Lucas appeared to consider the question and then nodded. “I do think we might need help with that part of it. Plus Papa says there are snakes and we should stay out.”
“Yes, he does, so perhaps you could go and see if Mack is truly looking for Mr. Jim. He does tend to forget sometimes and wander off.” She paused to offer a broad smile. “If you were to find Mr. Jim, you would be my hero.”
That did it for certain. If there was one goal in this child’s life, it was to be a hero. This time he hurried off without bothering
to respond. With Lucas the hero on the job, Mr. Jim would be here soon.
Ellis sighed as she straightened to watch the little boy disappear down the path. He so wanted to be like his father and older brother, and yet she couldn’t help but ask God to slow down time and keep him just a little boy. To keep both of her younger brothers little boys.
For once they grew into men, she might lose them just as … Ellis shook her head. No, she wouldn’t think of it. Wouldn’t give heed to the rumor that Papa and Thomas were not coming home.
Men!
The sound of distinctly male shouting drew Ellis back to the riverbank where a vessel of some sort was churning upriver toward her. Soldiers dressed in the same grey uniforms as the wounded soldier populated the deck of the flat-bottom steamboat making its way upriver.
“Stop!” she called as she stood on the bank and frantically tried to signal to anyone who might see her. “One of your men is here, and he is wounded!”
As the paddle wheel slapped against the water and the engines churned, a bell rang out. Several of the men saw her and she waved, but none seemed to understand what she was trying to tell them.

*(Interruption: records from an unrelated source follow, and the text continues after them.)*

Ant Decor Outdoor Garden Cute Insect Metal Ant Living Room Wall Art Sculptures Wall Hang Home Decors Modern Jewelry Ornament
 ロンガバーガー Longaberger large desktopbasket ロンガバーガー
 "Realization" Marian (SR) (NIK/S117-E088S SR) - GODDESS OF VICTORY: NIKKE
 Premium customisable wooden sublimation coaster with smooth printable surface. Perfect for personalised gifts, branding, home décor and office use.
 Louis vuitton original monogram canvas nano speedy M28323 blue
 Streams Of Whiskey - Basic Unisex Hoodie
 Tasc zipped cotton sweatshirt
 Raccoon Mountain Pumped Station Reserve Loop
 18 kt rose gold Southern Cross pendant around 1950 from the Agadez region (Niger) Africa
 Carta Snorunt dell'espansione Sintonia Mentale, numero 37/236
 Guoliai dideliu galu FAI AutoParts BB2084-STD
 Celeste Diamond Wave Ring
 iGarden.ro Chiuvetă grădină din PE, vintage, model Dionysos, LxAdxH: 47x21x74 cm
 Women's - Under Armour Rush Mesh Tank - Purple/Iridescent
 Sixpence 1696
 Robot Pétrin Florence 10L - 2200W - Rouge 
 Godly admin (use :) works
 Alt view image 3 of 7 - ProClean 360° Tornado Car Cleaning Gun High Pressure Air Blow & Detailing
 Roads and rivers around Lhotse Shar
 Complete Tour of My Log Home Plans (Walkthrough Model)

“Help me,” she called, gesturing to the reeds. “A Grey has been shot.”
Those who had seen her continued to wave, but the steamboat never slowed as it approached. Apparently they hadn’t understood a word she said.
If only they could see the pirogue and the man it contained. Though she hadn’t managed to move the pirogue before, Ellis knew she had to give it another try.
This time she would wade into the reeds. It was the only way.
Saying a prayer for safety from the snakes, Ellis moved toward the pirogue as quickly as she could. The soldier lay so still and pale that she jolted toward him to press her palm against his chest to see if he still breathed.
He did. Ellis breathed a sigh of relief.
Then something under the water brushed against her leg and she screamed. Her heart racing, she stood stock-still and looked all around but saw nothing.
“I need to move this out into the open right now,” she said, in part to herself and in part to the Lord, who could manage such things if He chose. “Those men need to know one of their own is here dying for lack of help.”